MATERIALS PROVIDED:
==================================================
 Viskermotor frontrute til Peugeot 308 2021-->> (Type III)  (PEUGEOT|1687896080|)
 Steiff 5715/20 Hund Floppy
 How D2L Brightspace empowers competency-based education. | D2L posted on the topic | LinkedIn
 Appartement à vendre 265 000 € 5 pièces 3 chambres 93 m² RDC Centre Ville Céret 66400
==================================================
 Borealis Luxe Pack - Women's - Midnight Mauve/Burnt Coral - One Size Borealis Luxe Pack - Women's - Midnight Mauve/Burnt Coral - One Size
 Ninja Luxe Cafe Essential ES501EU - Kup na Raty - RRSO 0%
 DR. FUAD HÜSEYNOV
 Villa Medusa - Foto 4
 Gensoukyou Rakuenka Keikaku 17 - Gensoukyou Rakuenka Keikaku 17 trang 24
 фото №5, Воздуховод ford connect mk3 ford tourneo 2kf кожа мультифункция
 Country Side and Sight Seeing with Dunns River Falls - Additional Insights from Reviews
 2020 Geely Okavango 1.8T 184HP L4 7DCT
==================================================
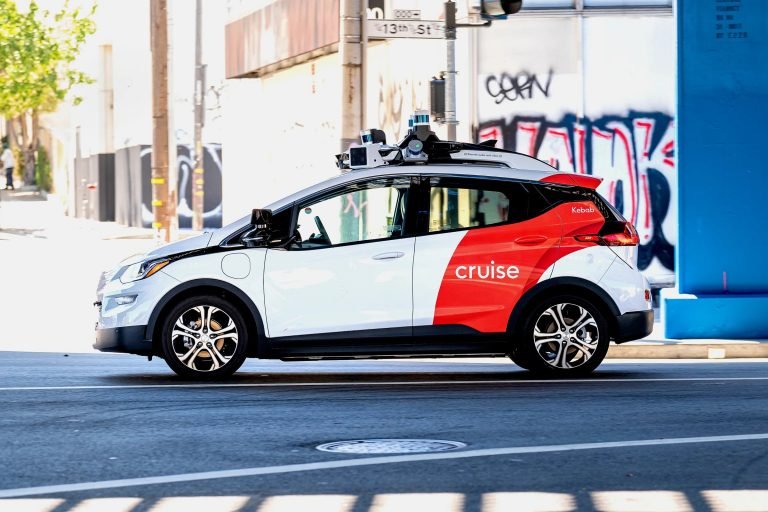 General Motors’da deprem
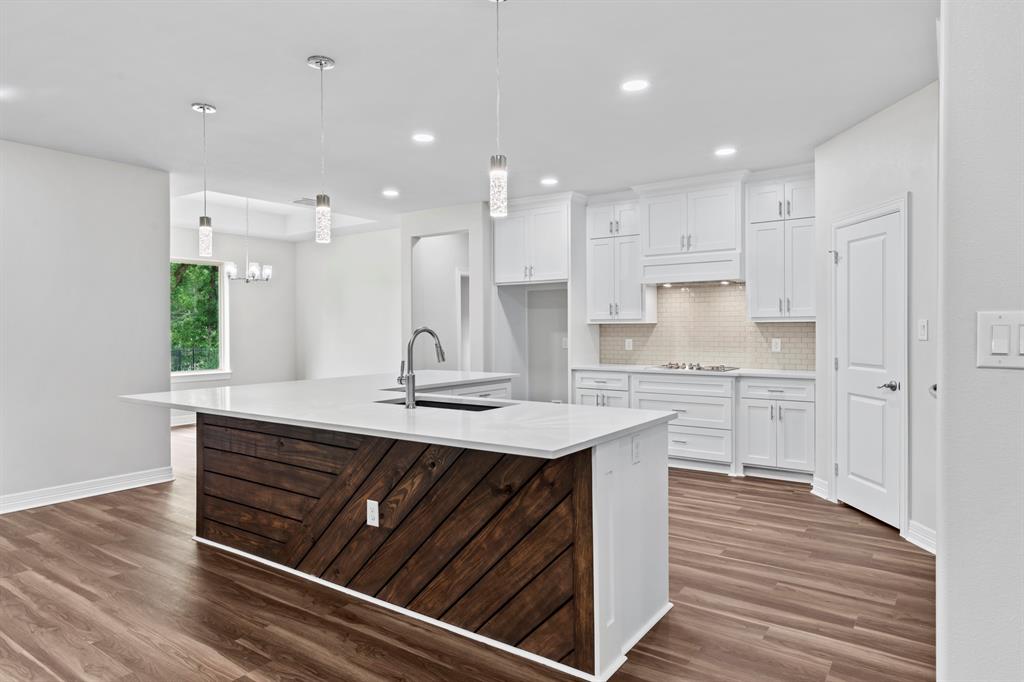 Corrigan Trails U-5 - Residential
==================================================
WHAT TO PRODUCE:
For the string "Luxe", go line by line through the material and copy every line that has it.

ANSWER TO THE EXERCISE:
 Borealis Luxe Pack - Women's - Midnight Mauve/Burnt Coral - One Size Borealis Luxe Pack - Women's - Midnight Mauve/Burnt Coral - One Size
 Ninja Luxe Cafe Essential ES501EU - Kup na Raty - RRSO 0%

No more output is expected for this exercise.